Open the engineering loop on GitHub
Fork the repository, create three issues from mocked monitoring events, and let the same small engineering loop turn them into three real pull requests.
Open repositoryIntroduction
Over the last few weeks I kept reading articles and seeing posts from notable people in the agentic coding space sharing the same idea: they had stopped prompting models directly and started building agent loops instead. The claim is that an agent loop (something that observes state, decides what to do next, acts, and then repeats) is a more useful unit of autonomous engineering than a single prompted conversation.
I wanted to see what that actually meant in practice, so I built a small forkable repository to try it out. The goal was not to build something production-ready, but to make the idea concrete enough that anyone can run it, inspect it, and understand what the loop is doing at each step.
The Repository
The application is a tiny Python calculator. It is intentionally uninteresting. The loop is the thing worth paying attention to, not the app.

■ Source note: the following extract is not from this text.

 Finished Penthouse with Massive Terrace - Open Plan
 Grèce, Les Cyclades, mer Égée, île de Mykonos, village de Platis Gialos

The monitoring system is a JSONL file with one event per task. Three tasks are waiting:
- handle division by zero at the API boundary
- add modulo support
- add power support
To get started, fork the repository on GitHub. Before running anything, create a fine-grained personal access token scoped to your fork. It only needs:
- read access to repository contents
- read and write access to issues
- read and write access to pull requests
Then export the token in your terminal:
read -s GITHUB_TOKEN
export GITHUB_TOKEN
Then run:
make setup
Setup reads the monitoring events and creates one GitHub Issue per task in your fork. It also prepares the local Python environment.

Setup turns three monitoring events into marked GitHub Issues. This screenshot was taken after the completed demo had been reset, so the issues are closed.
The Loop
With setup complete, run:
make loop
The loop reads the monitoring events and the open GitHub Issues to decide what to work on next. It triages the next problem in line, checking whether the task is understood well enough to implement, and if it is ready, starts working on it. The command exits after opening one pull request.
The agents investigate and implement. Workflow code selects work, validates evidence, checks the result, and creates the handoff.
No agent is needed to rank the marked issues.
Issues with an existing demo pull request are skipped.
The terminal prints the issue number and title before triage starts.
Running it three times matters. The same command, repeated, makes the core behavior visible: the loop observes that one task already has a pull request and moves on to the next available one. An all-at-once demo would hide that.
Watch the queue shrink and the pull-request column grow. The orchestration stays the same; only the selected task changes.
$ make setupThree marked issues are ready. The oldest one will be selected first.
Worktrees Keep the Changes Isolated
Each issue gets a branch named loop-demo/issue-<number> and a worktree under an ignored local directory. The main checkout stays clean while the implementation runs somewhere else.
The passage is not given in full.